We're Afraid of Nigerians, They're Killers - Kinambaye
Friday February 19, 2016
MABASS, Cameroon — Sneaking
up at night, Boko Haram militants last month converged on the Nigerian
border village of Roumsi, overrunning a small military outpost and
setting villagers’ huts ablaze.
Cameroonian soldiers watched
helplessly from their own outpost on a rocky escarpment above. They were
barred from crossing the border to repel the extremist group, which
last year became Islamic State’s “West Africa Province.”
“All night, we just heard the cries
down below, and we heard how people were being slaughtered,” said Ndahou
Ricko, who heads the village self-defense committee in Mabass, about 2
miles from Roumsi.
Most survivors of the killings in
Roumsi that night escaped into Cameroon, adding to the tens of thousands
of Nigerian refugees already here—and to a growing political problem
for this Christian-majority country.
Many other Nigerians have fled to
nearby Chad or Niger, or to safer parts of Nigeria. They are part of an
estimated 2.6 million people displaced by Boko Haram’s insurgency.
The exodus of refugees from Islamic
State-controlled areas, particularly in Syria, has become an issue in
the U.S. presidential election and even more of a sensitive problem in
Europe. Fears about terrorist attacks by Islamic State members posing as
refugees have spiked following the Nov. 13 massacre in Paris.
But the vast majority of these refugees, in the Middle East or in Africa, head for countries in their immediate neighborhood.
Here in northern Cameroon, the worst
fears have come true: Since last summer, Boko Haram followers have
committed more than 40 suicide attacks, usually against civilians.
Some of the recent bombers were
Cameroonian, often girls who were likely coerced. But many slipped into
the country from Nigeria, using the refugee flow as cover. That, in
turn, has radically altered local attitudes toward their neighbors.
“We are afraid of Nigerians. These people come here to kill,”
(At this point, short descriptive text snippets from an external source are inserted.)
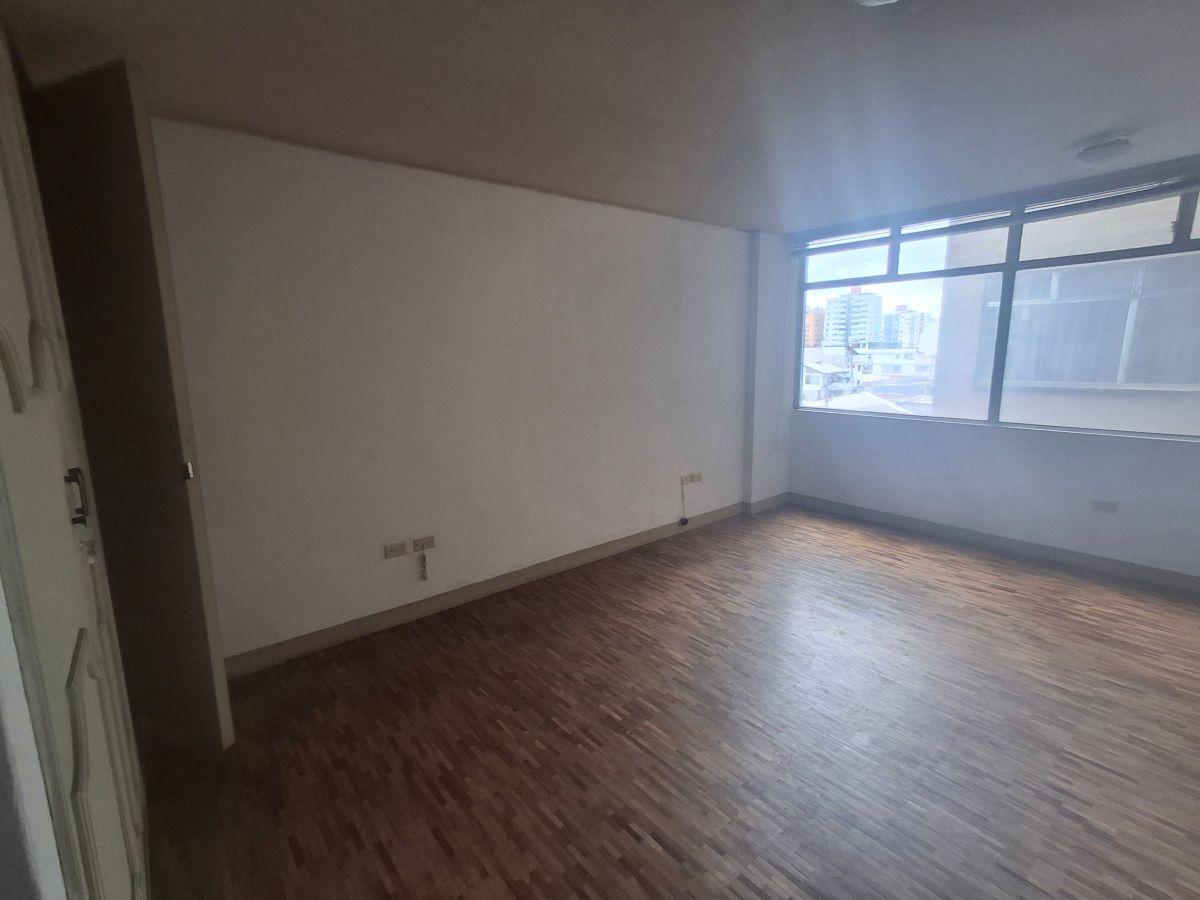 Av Colon, Departamento de 3 Habitaciones, Vista, 1 Parqueo — imagen 7
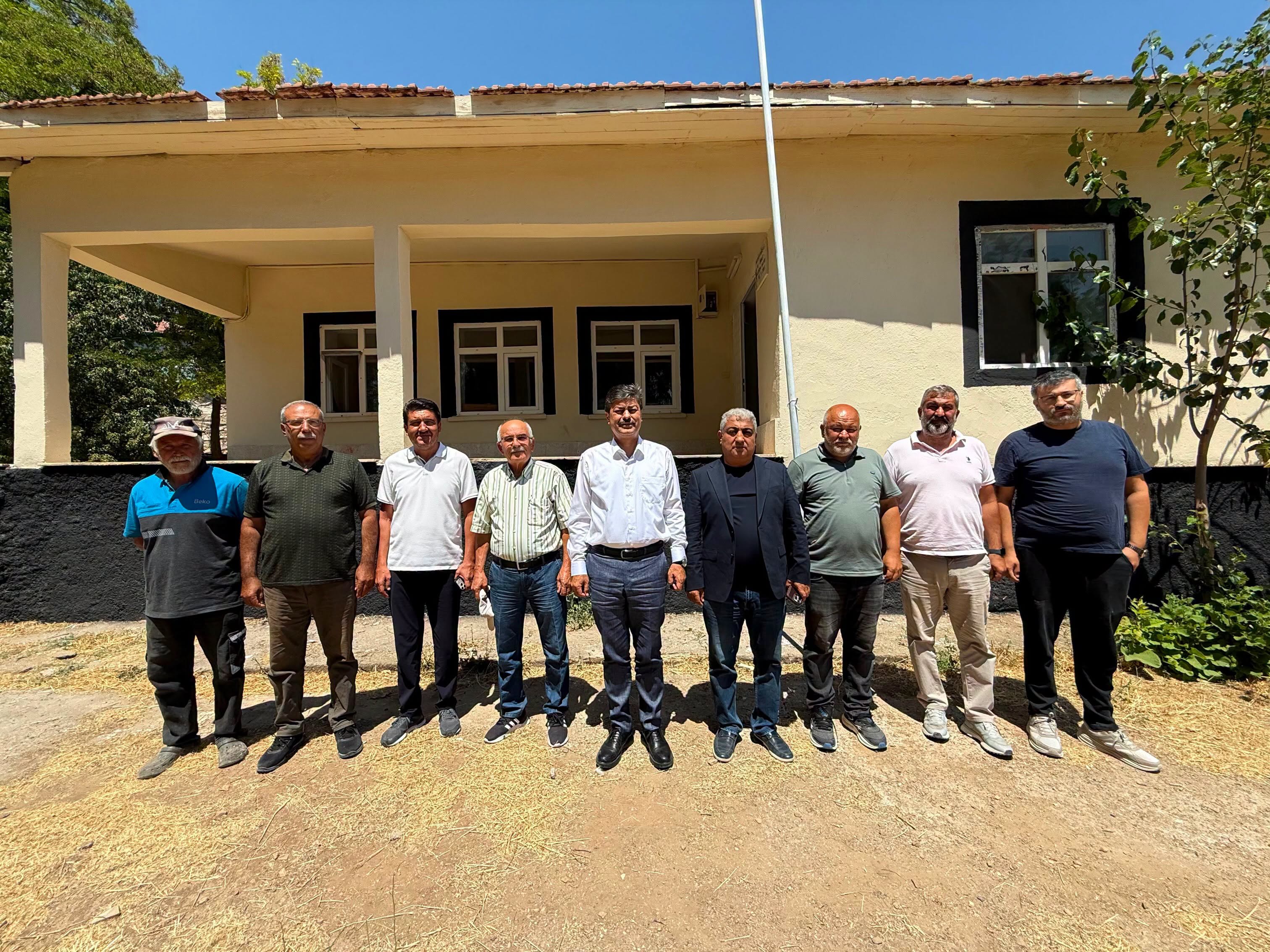 Kaman Sarıömerli’de Heyecan Yaratan Buluşma! Sahaya İndiler, Köyün Geleceğini Masaya Yatırdılar!
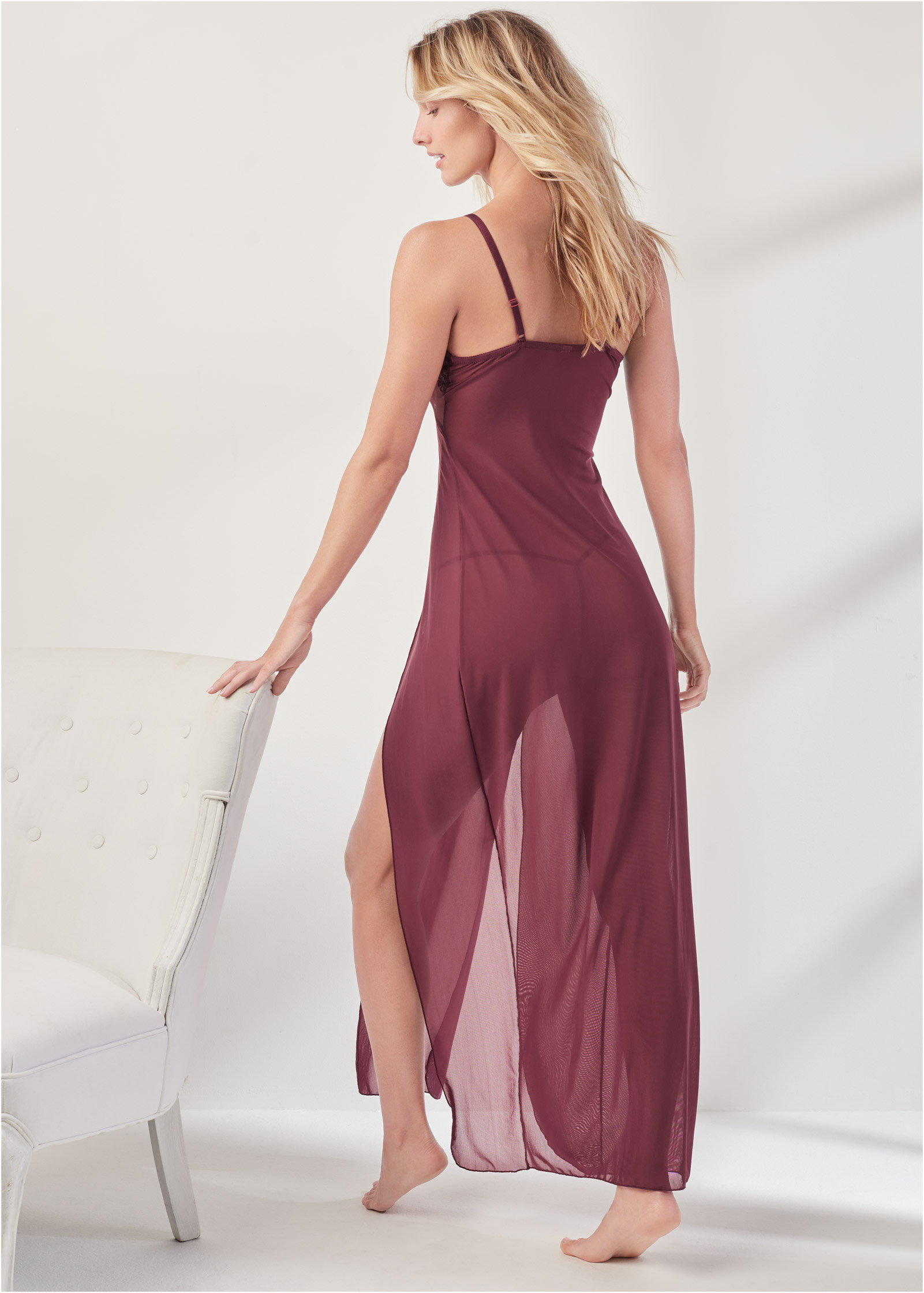 LACE DETAIL GOWN SET in Burgundy VENUS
said Gaston Kinambaye, manager of the ramshackle Bar Beau Sejour in
Maroua, the capital of Cameroon’s Far North—a mixed Muslim-Christian
region where Boko Haram violence has been concentrated. In July, suicide
bombers killed some 20 people just outside his bar.
“If we see any Nigerians, we will catch them,” added Hamado Zuheil, who sells rat poison.
Najat Rochdi, the United Nations
resident coordinator in Cameroon, said the stigma now attached to
Nigerian refugees is complicating efforts to help them.
“Unfortunately there is a confusion: You are seen as a suspect just because you are from Nigeria, especially since the suicide bombings began,” he said. “What we have to remind is that these people are victims.”
Boko Haram started off more than a
decade ago as a Nigerian insurgency against the central government of
that country. Only recently did it spread into neighboring countries.
“We are the collateral victim of
this situation,” said Rene Sadi, Cameroon’s minister of territorial
administration, whose responsibilities include oversight of local
governments and refugee affairs.
Most Nigerian refugees in Cameroon
are in the giant Minawao camp set amid the scrubland of the savanna. A
labyrinth of tents of various shapes and, increasingly, more permanent
buildings, Minawao holds 53,000 people and is growing. “It is a real
city,” said the administrator, Bayang Bouba.
For Cameroonian officials, Minawao is also a growing security risk.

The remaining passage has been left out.